El actual mandato de Daniel Ortega presenta la destacable novedad de la incorporación al Ejecutivo de su esposa, Rosario Murillo, en calidad de vicepresidenta. Murillo, guerrillera sandinista de la primera época, se había dedicado a la gestión cultural y apoyo en las relaciones internacionales, amparada en su condición de poeta, sólida formación académica y dominio de idiomas. La compañera de Ortega desde hace cuarenta años cambió su perfil político a partir de la defensa pública que hizo del líder sandinista tras la grave denuncia de abusos sexuales en la infancia presentada por una de sus hijas.
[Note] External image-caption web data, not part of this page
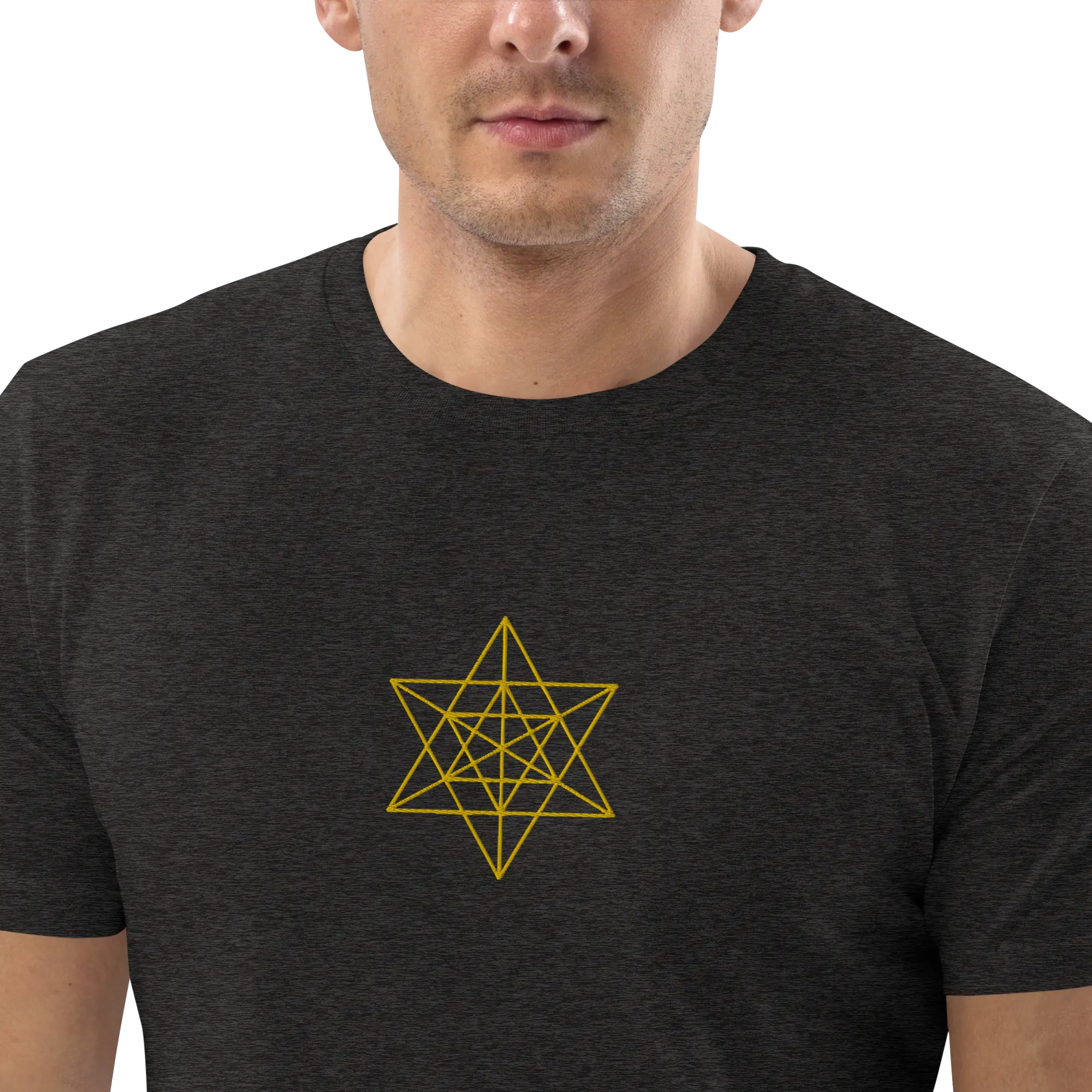 Gold Merkaba Embroidery Dark Heather Grey T-Shirt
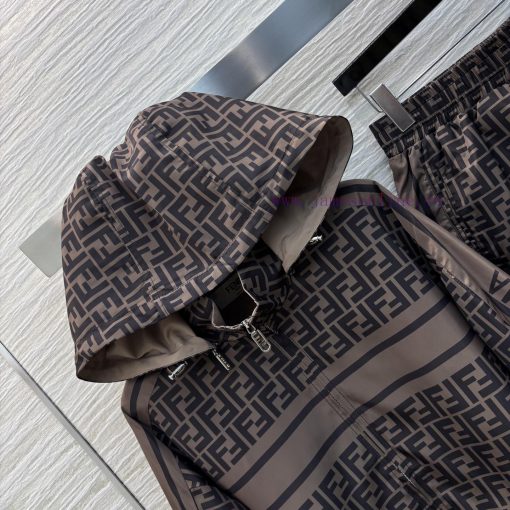 CT75979 Fendi 25 Early Spring New Collection Double F Printed Casual Set Hooded Zipper Jacket+H rmln58zt - Image 3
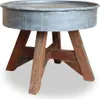 Möbel Couchtisch Massiv-Altholz 60 x 45 cm Silber - Produktbild-Vorschau 1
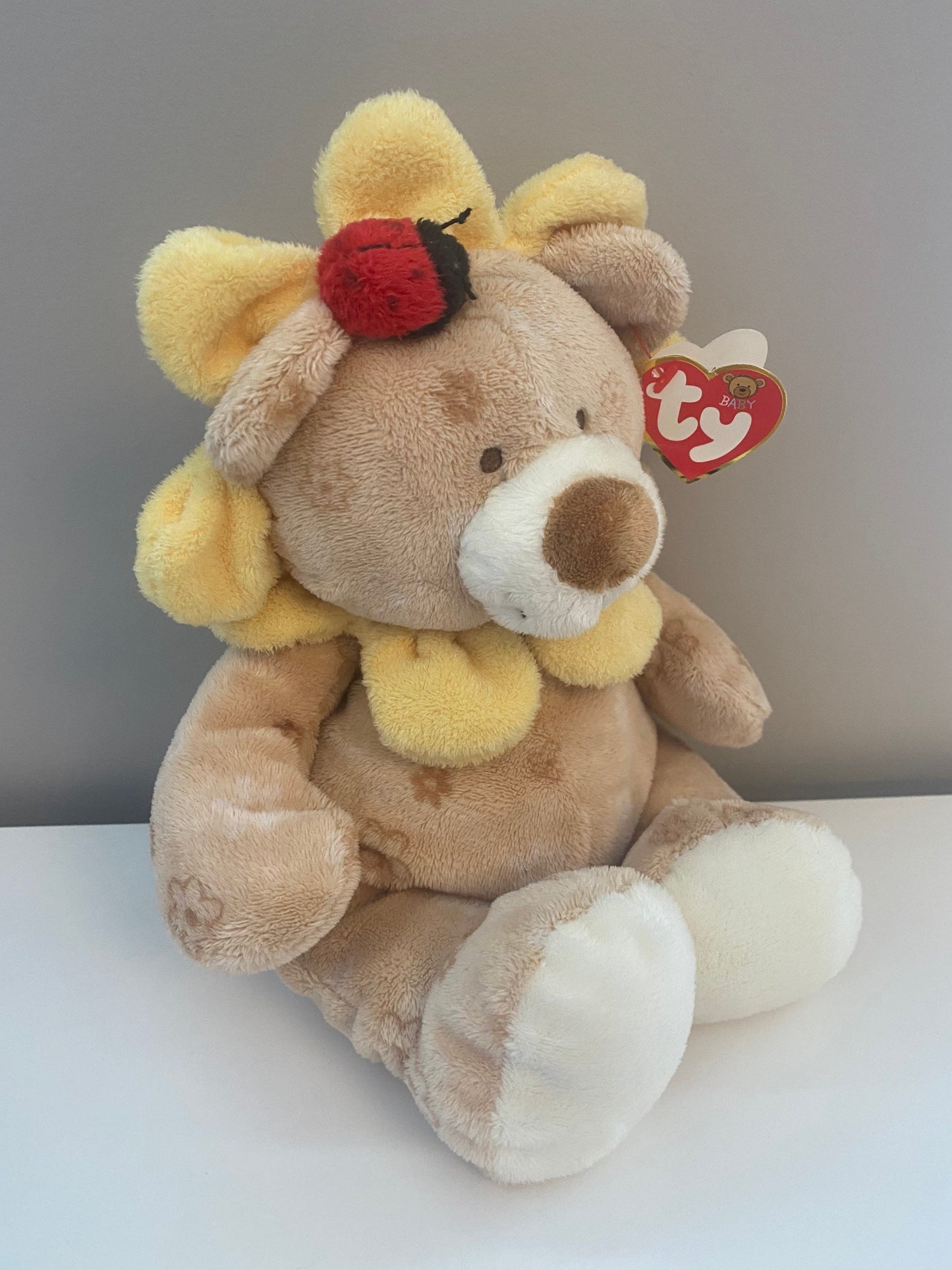 TY Baby Line “Baby Blossoms” the Adorable Sunflower Bear with Ladybug (12 inch)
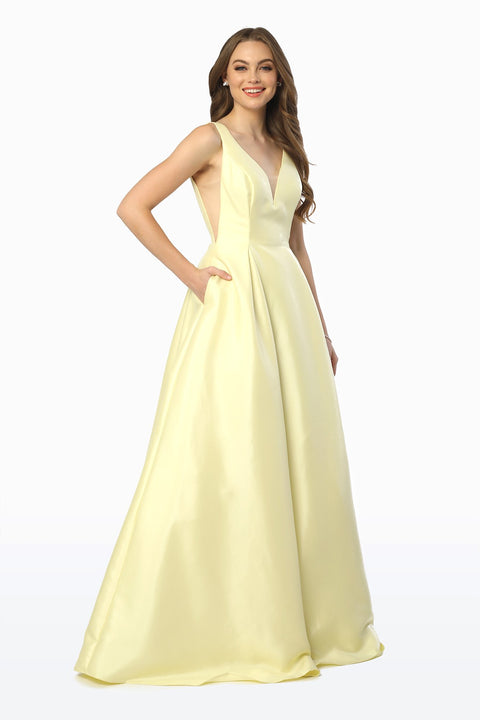 Long V-Neck Prom Dress with Pockets_E156 by Nox Anabel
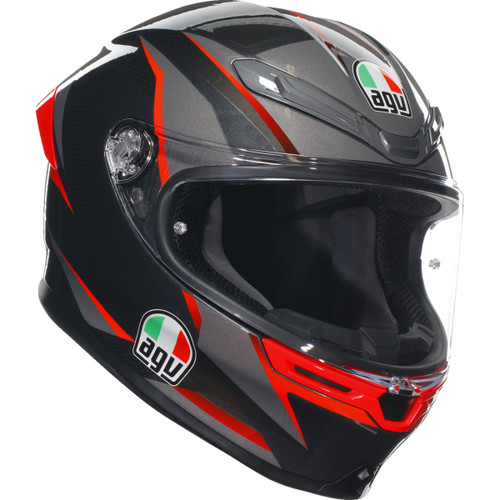 AGV #2118395002014S - K6 S Helmet - Slashcut - Black/Gray/Red - Small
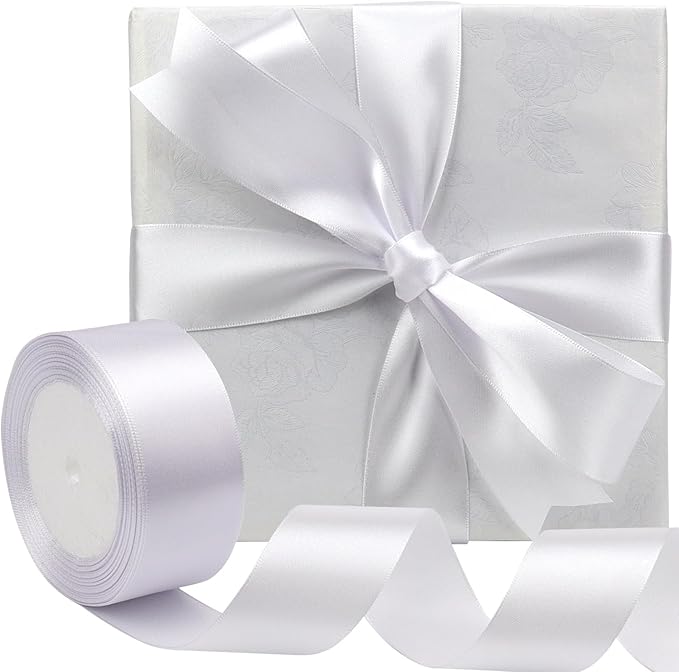 White Solid Satin Ribbon 1-1/2 Inch 25 Yards Solid Polyester Fabric Ribbon for Gift Wrapping Wedding Christmas Baby Shower Birthday Party Decoration Handmade Immortal Flower Craft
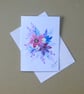 hand painted floral blank greetings card ( ref FA 503 D2 )
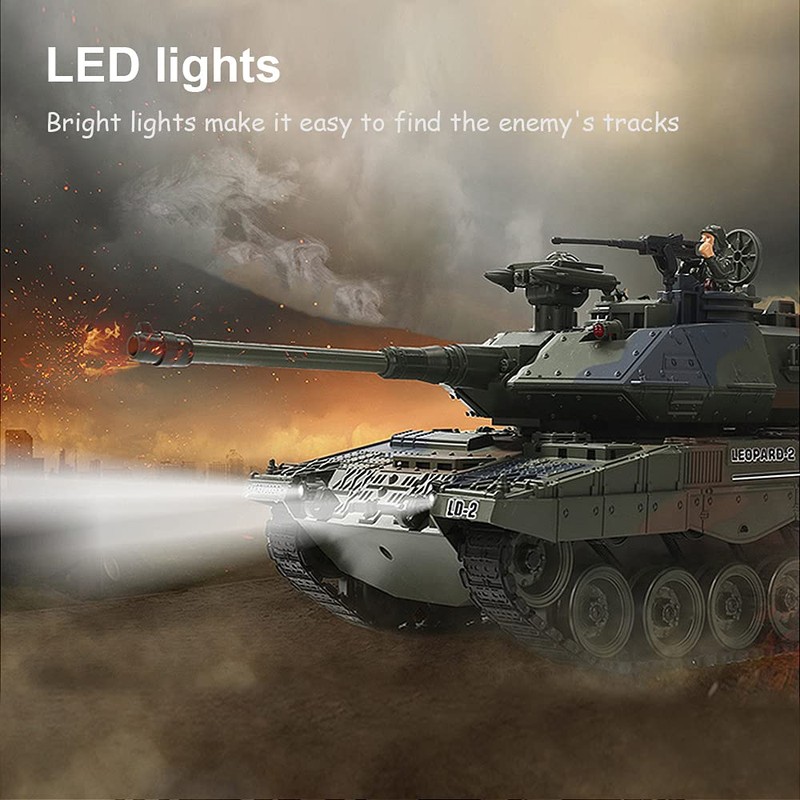 Fistone 1:18 RC Leopard Tank Toy for Kids, Sound Light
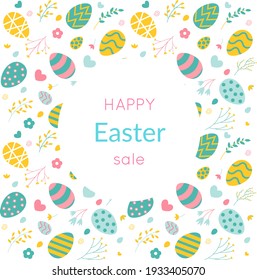 Happy Easter sale banner with beautiful flowers, leaves, twigs and and eggs. Vector illustration. Spring minimalistic background.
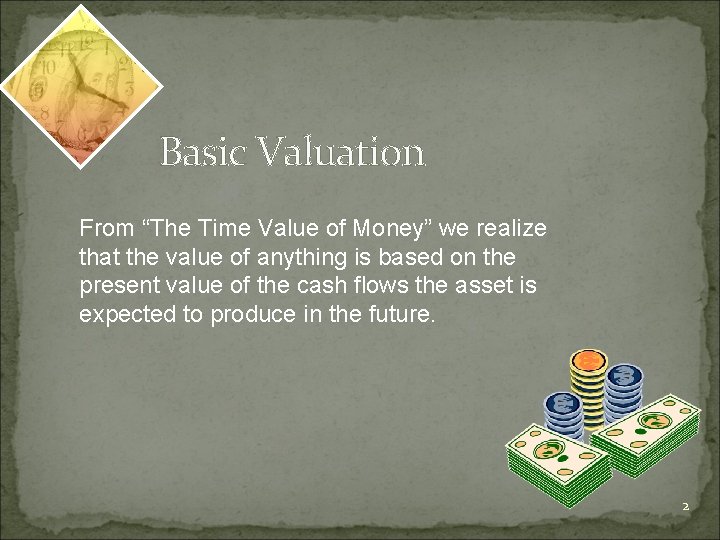 Basic Valuation From “The Time Value of Money” we realize that the value of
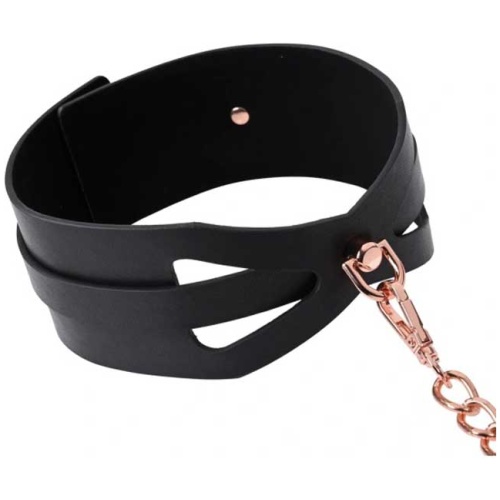 Brat Collar and Leash - Black / Rose Gold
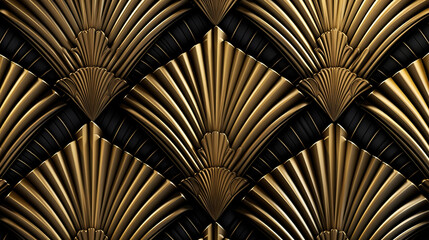 Vintage abstract geometric gold plated high relief sculpture on dark black background. Generative Ai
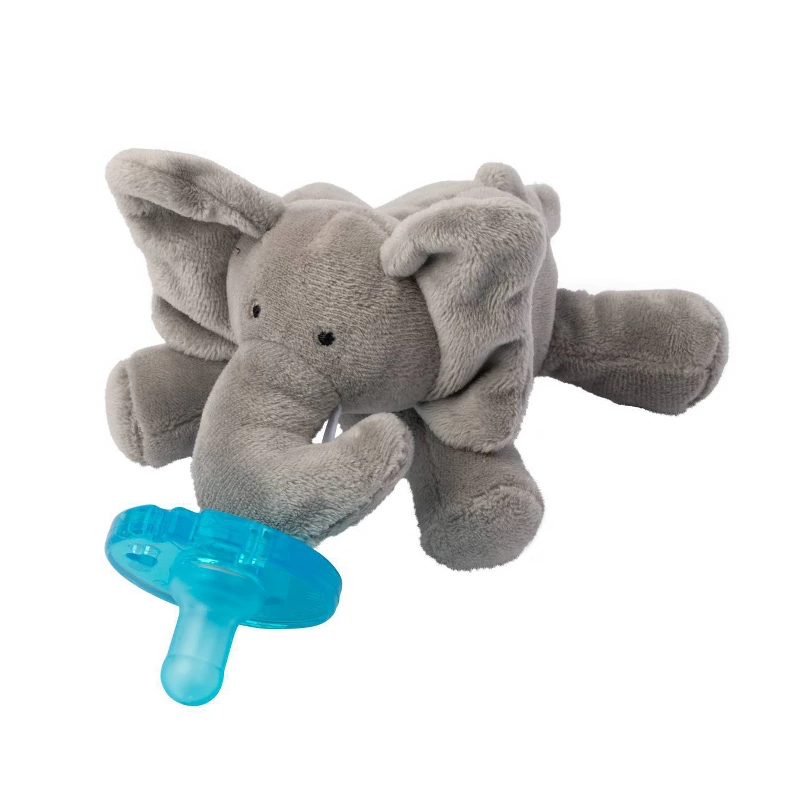 WubbaNub gray elephant infant pacifier plush toy combo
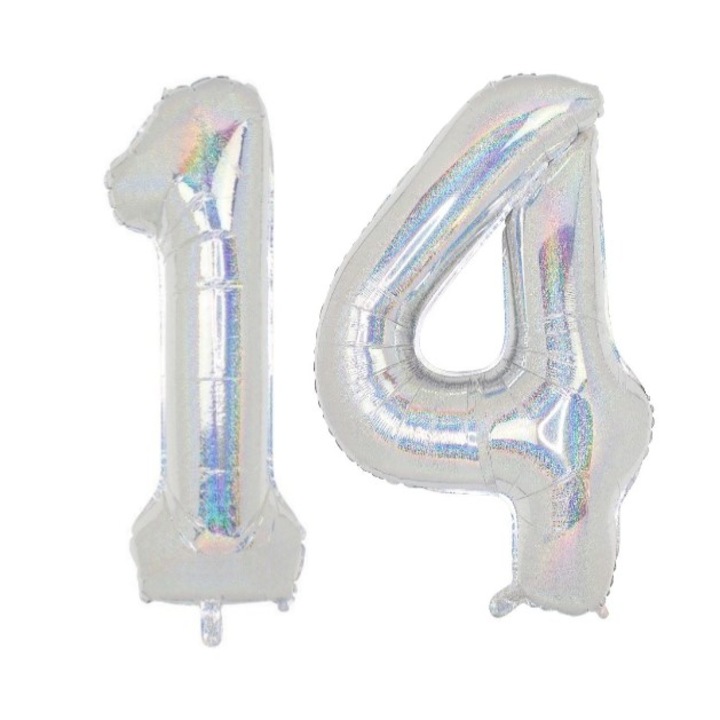 Set 2 baloane folie cifra, WOW, Holografic, aniversare 14 ani, 101 cm, Produs Petrecere Copii, Calitate Premium, WOW Shop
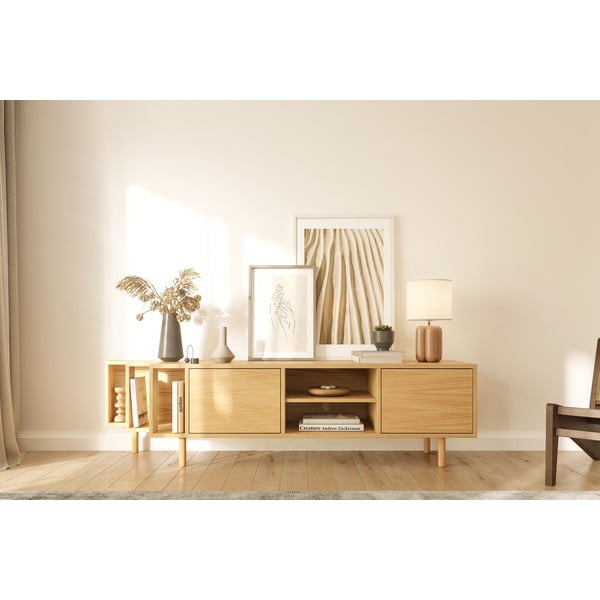 TV stolek v dekoru dubu v přírodní barvě 189x50x44 cm Shift – Woodman-image-1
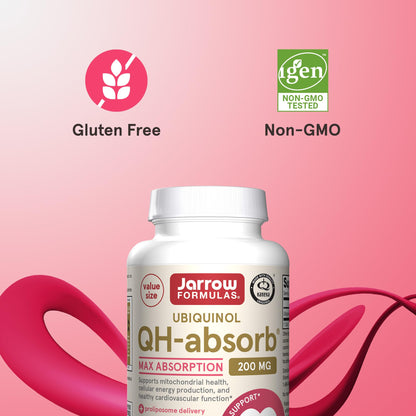 Jarrow Formulas QH-Absorb 200 mg – Active Co-Q10 (Ubiquinol) for Mitochondrial Energy & Cardiovascular Support | 90 Softgels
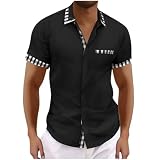 Button Down Hemd Herren Revers Shirt mit Brusttasche Leicht Einfarbig Hemden Buissnes Leinen Kurzarmhemd Musselin Arbeit Trachtenhemd Baumwoll Leinen Freizeithemden Sommerhemd Leinenhemd Bluse Top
El proceso judicial fue archivado por prescripción del delito, pero Rosario Murillo aumentó desde entonces la influencia sobre su marido hasta llegar al momento actual en que, con un estilo a menudo extravagante, se ha constituido de facto en una primera ministra.
El mandato del régimen matrimonial Ortega-Murillo concluye en 2022 y es el tercero consecutivo de Ortega que, sumando su etapa anterior en el gobierno, le aproximaría a una permanencia en la presidencia de la República a la altura de la saga somocista. La colusión de intereses conseguida por el Gobierno le ha permitido hasta ahora minimizar la profunda crisis del espacio bolivariano y resistir las protestas que reflejan el malestar de una sociedad que, como el resto de la región centroamericana, ha visto esfumarse la esperanza del futuro de progreso que se vislumbraba en los años noventa, trocado por una realidad de más desigualdad, pobreza, corrupción y violencia.
El presidente Daniel Ortega, histórico dirigente del Frente Sandinista de Liberación Nacional (FSLN) que fue cooptado al mando único del Gobierno de Reconstrucción Nacional por los comandantes de la revolución, viene encarnando en su figura desde hace décadas la degeneración del movimiento sandinista. Cada nuevo lustro de mandato es un nuevo motivo para la melancolía. Poco queda del espíritu de resistencia armada frente a la infame dictadura de la familia Somoza, que admirablemente consiguió involucrar en la lucha a amplios sectores populares y profesionales, unidos por el pensamiento social y nacionalista del general Sandino, hasta llegar a la insurrección que acabó con la tiranía en julio de 1979.